In the case in which, say, you have a finite linear charge distribution (i.e. a rod again), and you try to calculate the electric field on top of the one end of the rod, the epxression you will get will not be accurate due to lack of symmetry (the charge distribution at the left hand side of the point at which you wish to calculate the electric field will not be the same as the charge distribution at the right hand side of the point). I do not exaclty recall right now all the details on the Gauss Law derivation (such that I can tell you whether or not it assumes symmetry as a requirement), but one way in which your approach will suffer is the fact that there is no way to calculate the component of the electric field that is parallel to the charge distribution, by using the Law of Gauss. So, you miss half of the answer before even starting to solve the problem. On the other hand, if your distribution was infinite, you wouldn't have this problem, as, according to all the above, the infinitesimally small charge on the one side of the point at which you wish to calculate the electric field, cancels the contribution to the non-vertical component of the electric field from the infinitesimally small charge on the other side. And since your distribution is infinite, you can always find such pairs!
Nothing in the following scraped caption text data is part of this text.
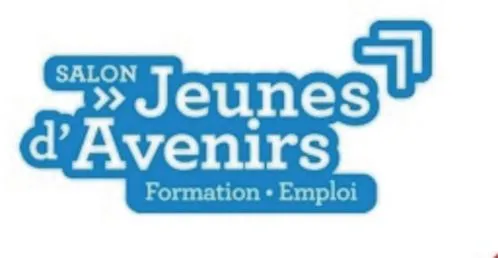 SALON JEUNES D AVENIRS FORMATION . EMPLOI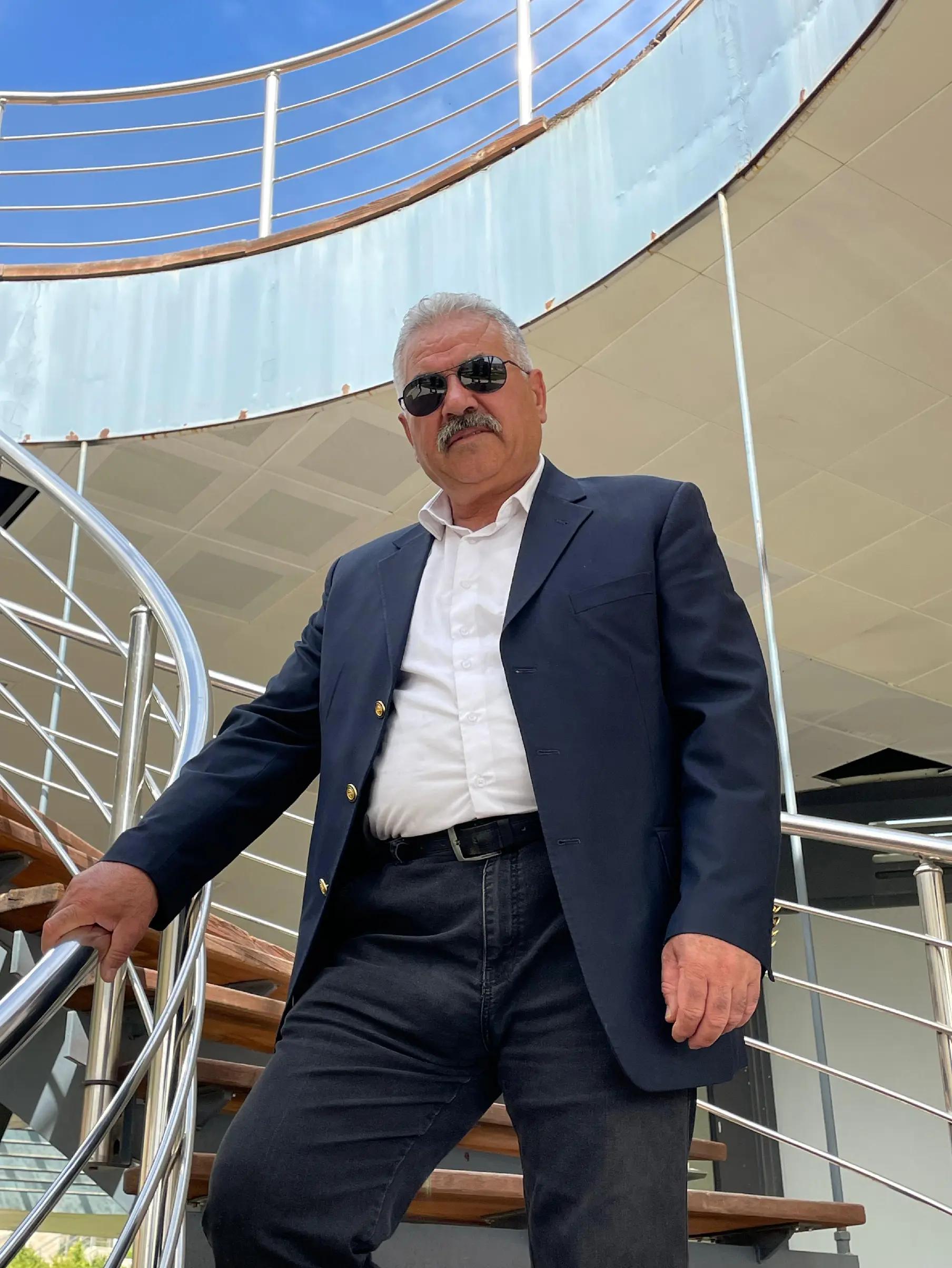 @HALİL KARAKEÇİLİ.263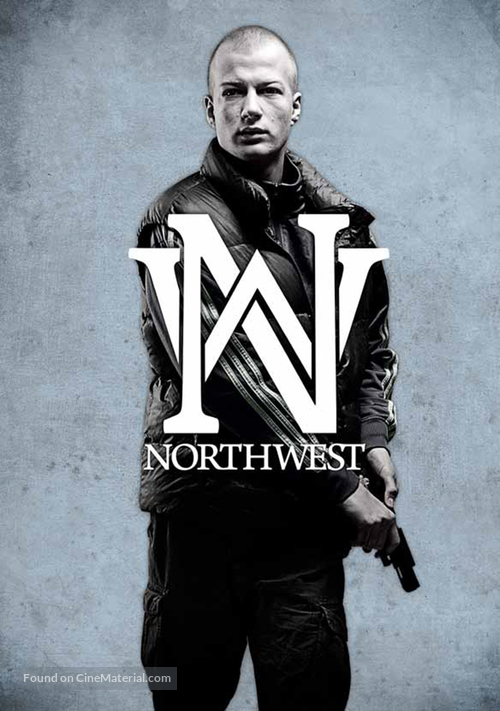 Nordvest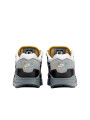 Air Max 1 .SWOOSH Low Poly Big Head Mode - 3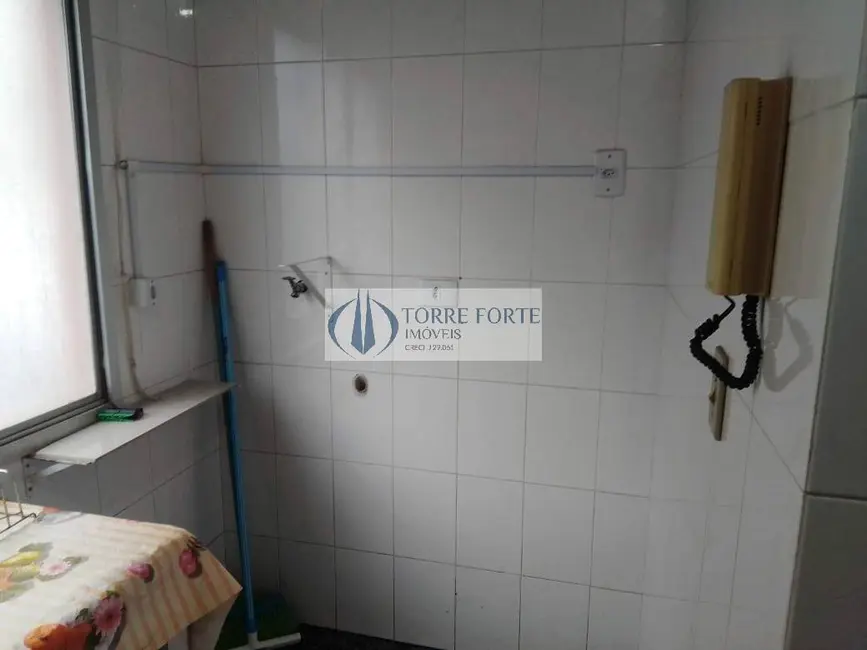 Apartamento com 1 quarto à venda, 32m2 em Bela Vista, São Paulo - SP - imagem 6 Foto 6 de Apartamento com 1 quarto à venda, 32m2 em Bela Vista, São Paulo - SP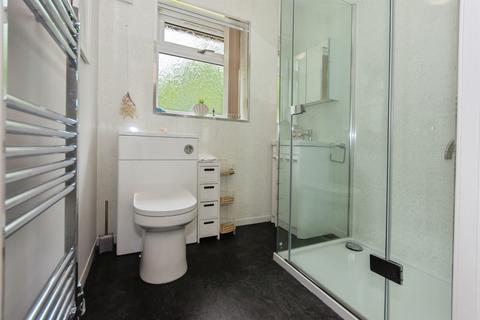 2 bedroom semi-detached bungalow for sale, Old Mill Close, Shirley, Solihull
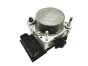 Abs Siurblys Fiat 500 51824574 0265232290 Bosch 39611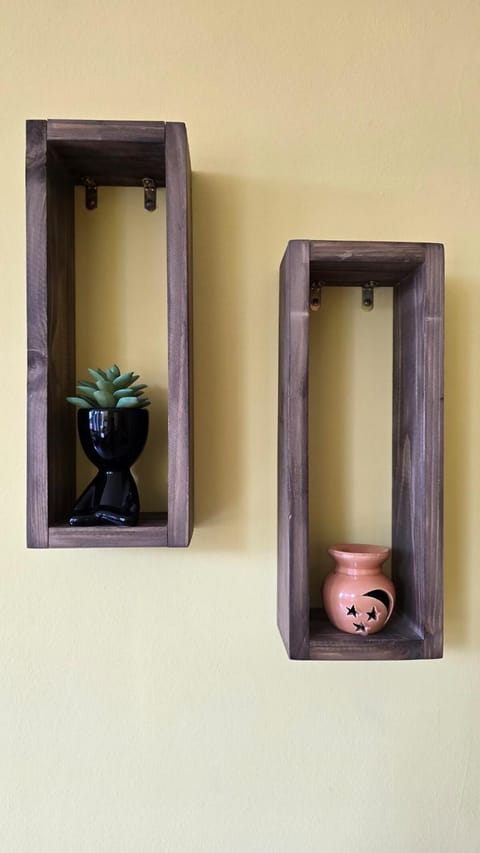 AP no Centro - Vista Deslumbrante Apartment in Miguel Pereira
Having said that, we conclude that it is still possible to apply Gauss law for charge distributions that are finite. You can do that if you want to derive an expression for the electric field on the symmetry axis that goes through the centre of the charged distribution, or alternatively, you can use Gauss law as an approximation to derive an expression for the electric field on points that are located very near the charged distribution (such that the rod length can be approximated as much larger than the distance from the rod at which one calculates the electric field)...
I hope this helps. If anything is not clarified, please comment.
A: The key in Gauss' law is that the field must be uniform over the Gaussian surface, i.e. it must have the same magnitude and direction on the surface.  In the case of the finite line, the field does not have constant magnitude or direction over the line: thus the field over a Gaussian cylinder would not be constant.
It is easy to convince yourself of this last point: if your Gaussian cylinder is close to one edge, or extends past one edge of the finite line, then surely the field there will not be the same as near the "middle" of the line.  In fact, you can compute the field "in front" of the charge line, and it will not have the same direction as the field near the middle of the line.
Of course, if the line is very long and you are interested in the field near the middle of your charged line, then the field would be approximately but very nearly constant over a Gaussian cylinder of finite length, and you can use Gauss' law to obtain the field near the center.
If the line is infinitely long, there is no end so the will be exactly uniform over the line.  Gauss' law is then very useful.